Oh yea, the death mechanic. I gotta say, I’m a HUGE fan of the death sequence for Mummy Demastered. It’s already stressful enough not dying in a Metrovania game, but the added penalty of spawning with only your starting gear and needing to fight your own undead form in order to claim it back is frigging genius. It perfectly fits into the style of the world and never got old for me. Sure, it frustrated me to hell, and I wish that killing your old self fully healed you up, but I’m ok that it didn’t. The only issues arose when I did die in a boss room, and now I have to deal with two assholes instead of one.
Lastly, the delivery itself is on point through graphics and sound. I think Universal made the right choice tapping Wayforward to deliver something that wasn’t so focused on next gen graphics and presentation. You could have ended up with a 50 gigabyte Wolfenstein clone that was shiny, empty, costs too much and delivered too little, but the 16 bit inspiration works incredibly well. The design works well with the horror and darkness element, and the atmospheric soundtrack was original and spooky without being too recognizable or repetitive. This definitely takes the top spot for me in terms of movie games, though I’m not opposed to Sony finding Activision again and making a new Spiderman game. I can be swayed.

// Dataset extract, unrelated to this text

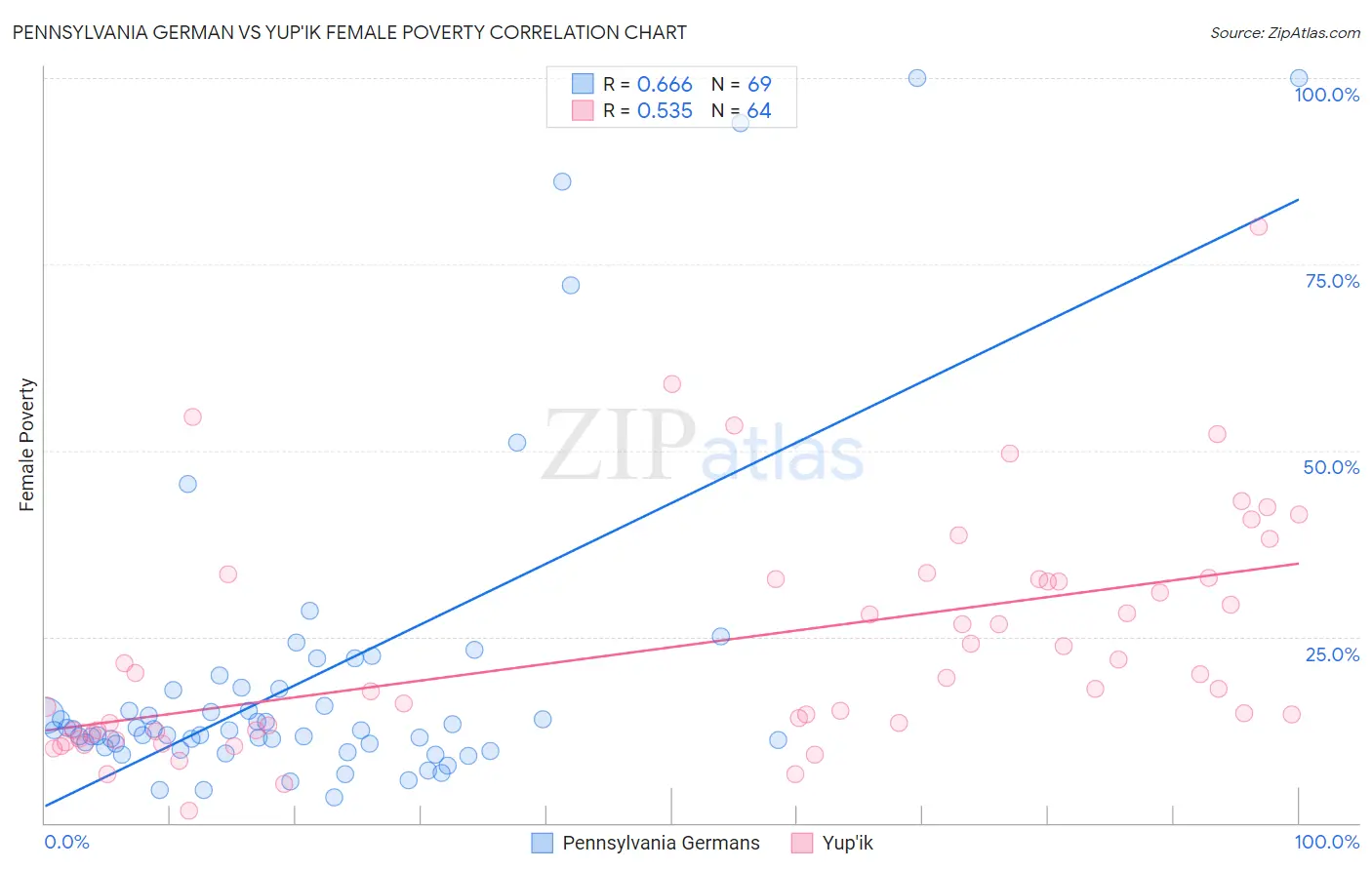 Pennsylvania German vs Yup'ik Female Poverty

All in all, this is a pretty solid game, a well tread metrovania that doesn’t break too much new ground but also doesn’t mess up things much. It’s certainly shorter than Axiom Verge, and even shorter than Super Metroid, and I really could not have cared less about the exposition I got from headquarters every time I needed something explained to me about what would happen next. But it’s engaging, fun and actually worth the time to explore, not to mention it shows some forethought on Universal’s part in investing with people who know what they’re doing with games. If you’re a fan of the movie, you might not enjoy it as much simply because of the lack of Cruise, but casual 16 bit enthusiasts will find plenty to indulge themselves with. Grab it before Halloween, or perhaps going into the winter chill, because the long nights go so much better with dark spirits surrounding you.